The next paper to discuss is another from the Davis lab, and it was just published earlier this year in the journal, Insects (link). It was actually a short rebuttal paper that was focused on western monarchs, and it was written to challenge some assertions made by David James. In an earlier study, James had argued that monarchs reared in California during winter would be able to join the migratory cohort when they become adults. In my paper I had pointed out that the monarchs reared by his colleagues (citizen scientists, who had collected wild eggs and reared them in their homes) had an average wing length of 47.8mm, which was smaller than the average of all prior reports of wild monarchs in the west (50.8mm). In fact, the wing length of the reared monarchs more closely matched that of other non-migratory monarch populations around the world (47.4mm). I had argued that this evidence suggests that winter-reared monarchs likely do not become migrants.

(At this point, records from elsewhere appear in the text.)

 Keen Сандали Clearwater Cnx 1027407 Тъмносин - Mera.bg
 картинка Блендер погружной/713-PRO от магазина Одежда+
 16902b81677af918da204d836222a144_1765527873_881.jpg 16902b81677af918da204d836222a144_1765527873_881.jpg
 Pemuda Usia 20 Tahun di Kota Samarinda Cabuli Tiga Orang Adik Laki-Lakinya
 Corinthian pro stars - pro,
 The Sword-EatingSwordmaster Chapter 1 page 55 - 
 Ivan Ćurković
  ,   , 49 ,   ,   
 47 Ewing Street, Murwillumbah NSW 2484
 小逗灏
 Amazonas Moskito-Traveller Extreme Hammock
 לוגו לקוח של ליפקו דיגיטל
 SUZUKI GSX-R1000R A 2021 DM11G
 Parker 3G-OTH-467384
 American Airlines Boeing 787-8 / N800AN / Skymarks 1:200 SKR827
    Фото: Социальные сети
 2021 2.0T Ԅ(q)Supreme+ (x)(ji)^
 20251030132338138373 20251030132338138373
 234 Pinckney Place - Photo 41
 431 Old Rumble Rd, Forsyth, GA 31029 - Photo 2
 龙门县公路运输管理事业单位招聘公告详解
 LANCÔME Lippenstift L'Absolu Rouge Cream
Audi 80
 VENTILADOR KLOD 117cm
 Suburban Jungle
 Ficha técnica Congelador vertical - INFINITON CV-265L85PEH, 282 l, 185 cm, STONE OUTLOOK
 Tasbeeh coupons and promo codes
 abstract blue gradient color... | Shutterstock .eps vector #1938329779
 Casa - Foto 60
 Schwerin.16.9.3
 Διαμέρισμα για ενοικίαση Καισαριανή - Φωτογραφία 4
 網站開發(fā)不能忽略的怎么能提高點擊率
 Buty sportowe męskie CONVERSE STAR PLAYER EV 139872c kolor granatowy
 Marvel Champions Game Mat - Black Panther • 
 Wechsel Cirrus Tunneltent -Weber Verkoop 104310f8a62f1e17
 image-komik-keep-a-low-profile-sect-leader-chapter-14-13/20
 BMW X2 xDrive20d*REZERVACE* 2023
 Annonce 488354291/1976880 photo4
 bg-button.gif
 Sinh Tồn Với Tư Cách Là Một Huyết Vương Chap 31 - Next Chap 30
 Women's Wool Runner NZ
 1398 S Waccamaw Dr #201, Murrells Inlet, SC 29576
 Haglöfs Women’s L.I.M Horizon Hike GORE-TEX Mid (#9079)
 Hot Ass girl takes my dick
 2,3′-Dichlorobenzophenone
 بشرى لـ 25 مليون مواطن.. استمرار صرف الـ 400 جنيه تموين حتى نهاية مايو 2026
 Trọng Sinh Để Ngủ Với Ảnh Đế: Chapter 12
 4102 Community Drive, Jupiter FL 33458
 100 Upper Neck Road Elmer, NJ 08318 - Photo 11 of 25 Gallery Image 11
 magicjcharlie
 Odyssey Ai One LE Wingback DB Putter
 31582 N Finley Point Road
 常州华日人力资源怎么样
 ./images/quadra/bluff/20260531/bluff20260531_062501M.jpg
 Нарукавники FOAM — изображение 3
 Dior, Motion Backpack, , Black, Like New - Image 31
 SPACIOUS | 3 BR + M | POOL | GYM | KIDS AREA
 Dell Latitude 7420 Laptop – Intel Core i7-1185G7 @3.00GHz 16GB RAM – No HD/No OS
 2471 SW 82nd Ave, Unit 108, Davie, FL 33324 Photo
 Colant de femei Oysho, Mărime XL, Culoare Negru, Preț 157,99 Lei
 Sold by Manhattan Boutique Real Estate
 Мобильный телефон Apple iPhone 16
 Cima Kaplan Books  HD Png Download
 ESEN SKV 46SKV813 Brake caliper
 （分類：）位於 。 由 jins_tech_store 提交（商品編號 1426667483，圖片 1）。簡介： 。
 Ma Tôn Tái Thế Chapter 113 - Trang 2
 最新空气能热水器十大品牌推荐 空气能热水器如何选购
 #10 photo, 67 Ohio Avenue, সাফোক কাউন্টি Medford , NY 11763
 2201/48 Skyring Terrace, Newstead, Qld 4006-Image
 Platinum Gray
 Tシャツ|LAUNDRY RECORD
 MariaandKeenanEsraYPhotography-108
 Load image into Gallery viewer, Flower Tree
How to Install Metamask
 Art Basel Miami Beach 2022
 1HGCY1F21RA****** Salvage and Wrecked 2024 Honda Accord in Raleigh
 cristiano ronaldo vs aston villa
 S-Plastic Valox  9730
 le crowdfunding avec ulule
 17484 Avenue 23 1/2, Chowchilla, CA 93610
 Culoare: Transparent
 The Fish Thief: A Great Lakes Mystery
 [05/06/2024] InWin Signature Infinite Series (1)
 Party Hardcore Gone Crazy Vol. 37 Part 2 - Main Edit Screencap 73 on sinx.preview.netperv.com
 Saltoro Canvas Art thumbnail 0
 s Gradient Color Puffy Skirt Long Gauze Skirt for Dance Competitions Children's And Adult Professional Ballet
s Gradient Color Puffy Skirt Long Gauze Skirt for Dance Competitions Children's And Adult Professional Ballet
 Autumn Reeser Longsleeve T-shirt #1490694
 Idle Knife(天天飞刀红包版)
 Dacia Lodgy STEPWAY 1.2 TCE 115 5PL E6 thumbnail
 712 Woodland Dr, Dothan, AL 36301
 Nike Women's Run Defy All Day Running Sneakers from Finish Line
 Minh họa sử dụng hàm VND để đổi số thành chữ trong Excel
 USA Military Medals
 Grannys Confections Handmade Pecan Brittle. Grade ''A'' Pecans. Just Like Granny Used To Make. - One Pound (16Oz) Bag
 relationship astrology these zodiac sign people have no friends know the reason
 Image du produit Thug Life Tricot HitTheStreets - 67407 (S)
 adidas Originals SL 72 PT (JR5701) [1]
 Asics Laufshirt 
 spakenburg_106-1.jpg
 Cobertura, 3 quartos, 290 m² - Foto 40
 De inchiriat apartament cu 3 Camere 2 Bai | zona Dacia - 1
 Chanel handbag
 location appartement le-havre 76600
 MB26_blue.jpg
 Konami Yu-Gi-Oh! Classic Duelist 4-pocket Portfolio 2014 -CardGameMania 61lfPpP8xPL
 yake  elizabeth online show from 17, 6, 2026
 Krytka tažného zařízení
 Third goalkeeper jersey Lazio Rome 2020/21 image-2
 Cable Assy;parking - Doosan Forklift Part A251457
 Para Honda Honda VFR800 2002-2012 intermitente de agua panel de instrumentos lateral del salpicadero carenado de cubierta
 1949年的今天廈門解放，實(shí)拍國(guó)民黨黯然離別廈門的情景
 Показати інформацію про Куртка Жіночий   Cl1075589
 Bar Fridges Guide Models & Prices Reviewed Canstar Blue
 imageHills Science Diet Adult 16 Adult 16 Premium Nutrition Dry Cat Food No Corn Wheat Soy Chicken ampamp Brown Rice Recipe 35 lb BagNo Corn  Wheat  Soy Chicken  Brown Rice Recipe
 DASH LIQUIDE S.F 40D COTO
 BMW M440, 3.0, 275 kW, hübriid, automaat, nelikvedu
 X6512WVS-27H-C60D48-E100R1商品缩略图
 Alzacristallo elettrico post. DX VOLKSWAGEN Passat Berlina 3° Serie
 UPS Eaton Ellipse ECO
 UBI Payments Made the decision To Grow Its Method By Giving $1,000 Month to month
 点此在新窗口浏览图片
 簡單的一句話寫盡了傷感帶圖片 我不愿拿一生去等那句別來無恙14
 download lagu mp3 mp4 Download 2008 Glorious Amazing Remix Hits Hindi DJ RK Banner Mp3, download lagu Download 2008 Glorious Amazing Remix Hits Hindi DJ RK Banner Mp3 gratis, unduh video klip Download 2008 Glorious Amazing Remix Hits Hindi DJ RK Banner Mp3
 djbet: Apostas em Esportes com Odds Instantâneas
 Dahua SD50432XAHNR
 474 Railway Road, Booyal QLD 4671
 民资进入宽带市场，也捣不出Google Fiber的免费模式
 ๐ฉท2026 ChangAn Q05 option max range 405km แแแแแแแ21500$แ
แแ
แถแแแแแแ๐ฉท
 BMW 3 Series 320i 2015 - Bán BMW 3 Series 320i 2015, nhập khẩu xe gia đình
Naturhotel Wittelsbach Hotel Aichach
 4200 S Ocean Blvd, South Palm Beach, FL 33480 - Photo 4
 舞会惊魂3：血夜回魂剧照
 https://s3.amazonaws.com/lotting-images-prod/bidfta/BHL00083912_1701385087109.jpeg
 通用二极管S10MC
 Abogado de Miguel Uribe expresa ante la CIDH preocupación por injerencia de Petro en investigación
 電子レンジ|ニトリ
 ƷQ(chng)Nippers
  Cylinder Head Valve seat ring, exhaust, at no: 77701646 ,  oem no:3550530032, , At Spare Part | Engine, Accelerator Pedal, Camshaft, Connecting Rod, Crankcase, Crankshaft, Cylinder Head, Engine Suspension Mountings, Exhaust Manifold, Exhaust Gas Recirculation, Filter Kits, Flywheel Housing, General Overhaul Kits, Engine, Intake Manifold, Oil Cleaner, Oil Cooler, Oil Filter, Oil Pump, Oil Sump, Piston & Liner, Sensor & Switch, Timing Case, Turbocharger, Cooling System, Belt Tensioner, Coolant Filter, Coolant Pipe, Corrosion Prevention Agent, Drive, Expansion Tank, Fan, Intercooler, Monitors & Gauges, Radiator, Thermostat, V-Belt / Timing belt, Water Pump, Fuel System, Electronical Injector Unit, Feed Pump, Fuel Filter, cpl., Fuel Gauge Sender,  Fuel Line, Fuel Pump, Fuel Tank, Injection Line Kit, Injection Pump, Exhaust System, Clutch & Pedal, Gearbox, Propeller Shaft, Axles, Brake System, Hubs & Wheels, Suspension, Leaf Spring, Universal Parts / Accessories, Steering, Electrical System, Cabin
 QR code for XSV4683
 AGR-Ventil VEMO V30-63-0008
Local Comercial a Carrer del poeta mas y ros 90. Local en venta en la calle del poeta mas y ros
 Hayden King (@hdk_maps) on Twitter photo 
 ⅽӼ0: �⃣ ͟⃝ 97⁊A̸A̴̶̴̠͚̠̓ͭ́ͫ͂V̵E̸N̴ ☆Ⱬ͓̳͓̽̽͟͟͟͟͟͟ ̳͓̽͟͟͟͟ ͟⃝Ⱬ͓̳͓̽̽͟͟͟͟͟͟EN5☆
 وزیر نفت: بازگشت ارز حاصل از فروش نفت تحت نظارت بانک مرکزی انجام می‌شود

Anyway, so there are at least three different studies that I can think of that all show the same thing - reared monarch wings are usually smaller than wild monarch wings. I won't get into why this is, but the important thing here is since bigger monarchs tend to be better at migrating, the small reared monarchs would not be as good. Note that this is exactly what we are already seeing with the tagging data.

Navigational ability

This next topic is one that most people may already know about, since the first paper describing this issue made such a big splash back in 2019. However, I've noticed there has been a heck of a lot of misinformation shared about this topic, so this will hopefully clear things up.

In 2019, a very big, splashy paper made headlines - it was from the lab of Markus Kronforst from U. of Chicago. It was spearheaded by a graduate student at the time, Ayse Tenger-Trolander. Here is a link. The paper reported on a series of experiments where wild and reared monarchs had been hooked up to a nifty orientation chamber, which is like a clothes-washer sized barrel where a monarch hangs in the middle from a rod. The monarch can flap and spin in any direction it wants to fly in, and this direction is recorded by the apparatus. See prior blogs about this paper for more info. Side note - a lot of people had criticized this study for using this device, saying it was "artificial" so therefore the results aren't valid. That's just plain stupid, as you'll see next.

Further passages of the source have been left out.